Transbay board members urge Caltrain/HSR compatibility

At this morning’s Transbay Joint Powers Authority Board meeting, board members spoke up strongly in support of compatible platforms for Caltrain and High Speed Rail, in order to provide the best capacity and reliability for the blended system. Board Member Ed Reiskin, Director of Transportation for SFMTA, underscored the importance of the decision. “We’re making an investment for the next five to six generations – we will limit utility of Transbay without compatibility.” Board Chair Supervisor Jane Kim agreed: “We have constrained space at Transbay – we need the capacity – we have to come up with a compatibility solution for cost-benefit for entire system.”

Chair Kim, asked Caltrain and High Speed Rail to come back at the next monthly board meeting in November, to give a progress report on their efforts to find a solution, to study the capital and operating benefits and costs of compatibility, and asked Transbay staff to prepare a resolution with a policy in support of compatibility. Supervisor Kim will also put the topic on the agenda of the Land Use Committee of the San Francisco Board of Supervisors.

Board members expressed concern whether a system with incompatible platforms would allow Caltrain to send all of its regularly planned service into Transbay (where there are 3x the jobs compared to the rest of the system combined) instead of turning some trains around at 4th and King short of downtown. Caltrain’s electrification project lead Dave Couch acknowledged Caltrain has not yet studied whether they will be able to send all regular service to Transbay.

In presentations to the Transbay board, both Caltrain and High Speed Rail declared an interest in platform compatibility, but also explained the reasons why each preferred a different solution. Caltrain prefers platforms at 25″, since there are more sources of double-decker trains for high-capacity local systems. High Speed Rail prefers platforms at 51″, since higher platforms are more common for high speed long distance trains. Dave Couch Caltrain explained that it would be difficult to migrate all the way to 51″, since it is planning to run current, low-platform diesel trains for the forseeable future, due to lack of funding to upgrade all its trains. Ben Tripousis of the HSRA noted that Cap and Trade funds could provide support to replace all the diesels sooner, making migration easier.

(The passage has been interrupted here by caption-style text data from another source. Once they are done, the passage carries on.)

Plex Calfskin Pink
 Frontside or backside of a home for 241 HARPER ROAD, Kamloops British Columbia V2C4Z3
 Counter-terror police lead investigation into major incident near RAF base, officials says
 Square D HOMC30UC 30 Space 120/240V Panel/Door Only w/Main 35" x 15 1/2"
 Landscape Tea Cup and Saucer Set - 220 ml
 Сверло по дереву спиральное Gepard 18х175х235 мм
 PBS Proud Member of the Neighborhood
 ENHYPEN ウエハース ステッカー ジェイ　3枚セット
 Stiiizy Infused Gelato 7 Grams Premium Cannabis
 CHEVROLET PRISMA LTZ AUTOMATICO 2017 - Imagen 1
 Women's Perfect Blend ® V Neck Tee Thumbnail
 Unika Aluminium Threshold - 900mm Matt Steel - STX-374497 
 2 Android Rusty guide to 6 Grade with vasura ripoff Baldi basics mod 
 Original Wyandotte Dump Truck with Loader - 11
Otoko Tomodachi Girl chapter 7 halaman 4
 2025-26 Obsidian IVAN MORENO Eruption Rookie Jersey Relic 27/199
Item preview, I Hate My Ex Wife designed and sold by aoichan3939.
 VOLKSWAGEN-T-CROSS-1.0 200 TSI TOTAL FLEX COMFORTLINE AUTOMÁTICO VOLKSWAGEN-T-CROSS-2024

Ben Tripousis of the High Speed Rail Authority clarified that the Request for Information issued by the High Speed Rail Authority, soliciting information about 51″ trains, did not yet start the formal procurement process. Caltrain and High Speed Rail are both seeking to issue solicitations for trains by the end of the year; Transbay board members prodded both Caltrain and High Speed Rail to verify that there was some flexibility in the schedule to work out compatibility solutions.

Lee Saage of the San Francisco County Transportation Authority – which funds San Francisco transit projects said that from the SFCTA’s perspective, compatibility should be an imperative – incompatibility would forever limit capacity and impose unnecessary costs. Compatibility analysis should consider whole system instead of favoring one operator or another.

In response to the assertions of Caltrain and High Speed Rail that compatibility is less important because the services will interact at only three stations (Transbay, Millbrae, and San Jose Diridon), Saage pointed out that the three stations where platforms are shared will likely represent a third of the ridership or more. Saage also raised an issue that has been raised by the Caltrain-High Speed Rail Compatibility blog and other local critics – that lack of platform compatibility results in extra costs for the stations at Millbrae and Diridon. Said Saage, “absent compatibility, High Speed Rail would need to build a new underground station at Millbrae, and a completely separate station at Diridon.”

Caltrain’s Marian Lee, who serves on the Transbay board, put the current challenge into perspective. Earlier in the evolution of the High Speed Rail project, it had proposed a system with separate tracks and platforms, which was costly and was rejected politically by corridor communities. The blended system, where Caltrain and High Speed Rail will share tracks, is a compromise that constrains system capacity. Lee explained that solutions will require compromise. “Everything is on the table. There will be tradeoffs, with upsides and downsides. If everyone would win on every aspect, we would have a solution by now. We’re hopeful for a good outcome that will last for 40, 80, 100 years.”